Data entries
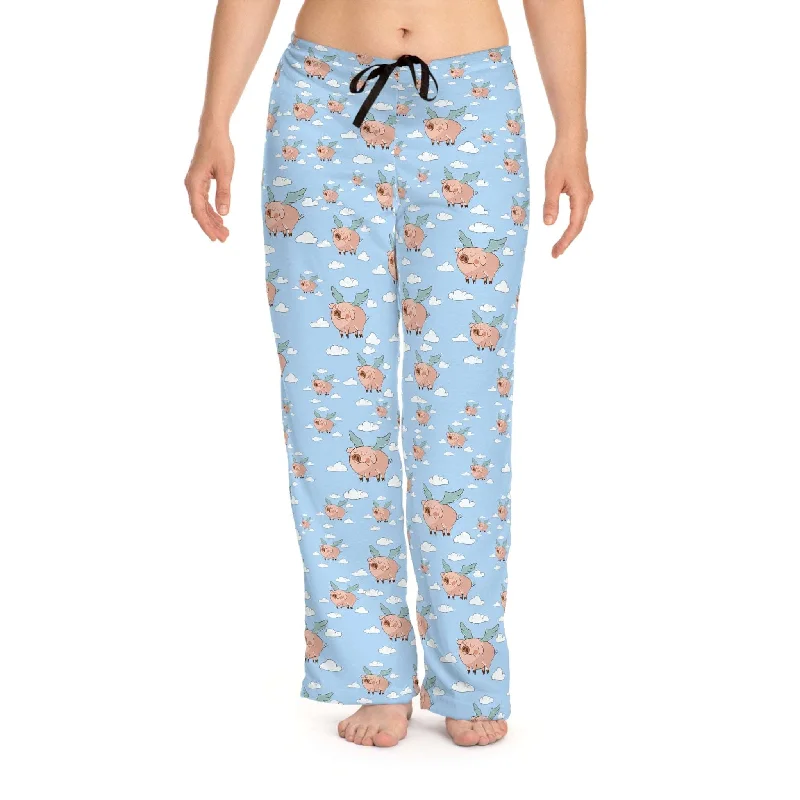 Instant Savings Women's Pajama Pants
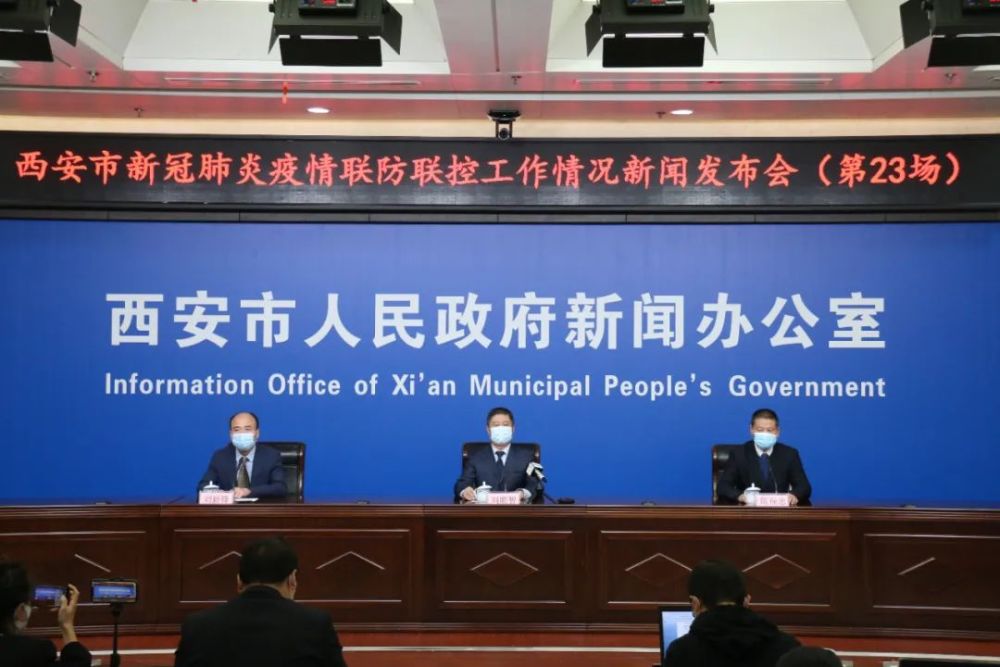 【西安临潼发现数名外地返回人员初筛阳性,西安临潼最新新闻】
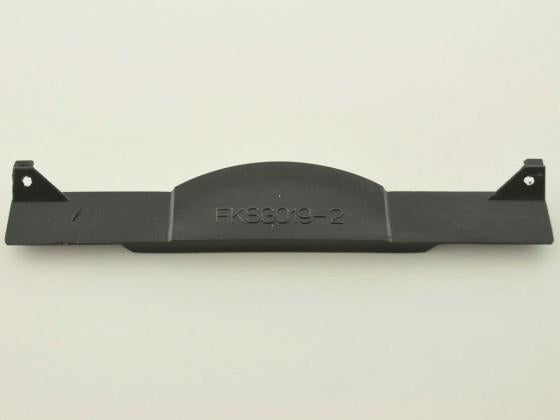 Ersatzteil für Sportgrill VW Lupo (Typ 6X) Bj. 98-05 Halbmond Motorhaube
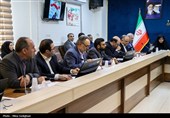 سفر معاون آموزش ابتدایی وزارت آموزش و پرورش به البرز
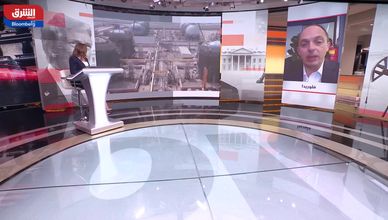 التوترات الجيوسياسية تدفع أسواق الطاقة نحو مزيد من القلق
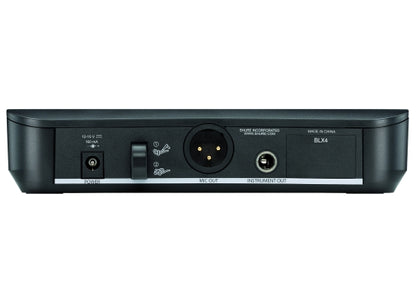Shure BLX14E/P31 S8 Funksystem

• AIM OF THE EXERCISE
The reply must hold each line of the records verbatim and no pictures.

• RESPONSE TO THIS EXERCISE
 Instant Savings Women's Pajama Pants
 【西安临潼发现数名外地返回人员初筛阳性,西安临潼最新新闻】
 Ersatzteil für Sportgrill VW Lupo (Typ 6X) Bj. 98-05 Halbmond Motorhaube
 سفر معاون آموزش ابتدایی وزارت آموزش و پرورش به البرز
 التوترات الجيوسياسية تدفع أسواق الطاقة نحو مزيد من القلق
Shure BLX14E/P31 S8 Funksystem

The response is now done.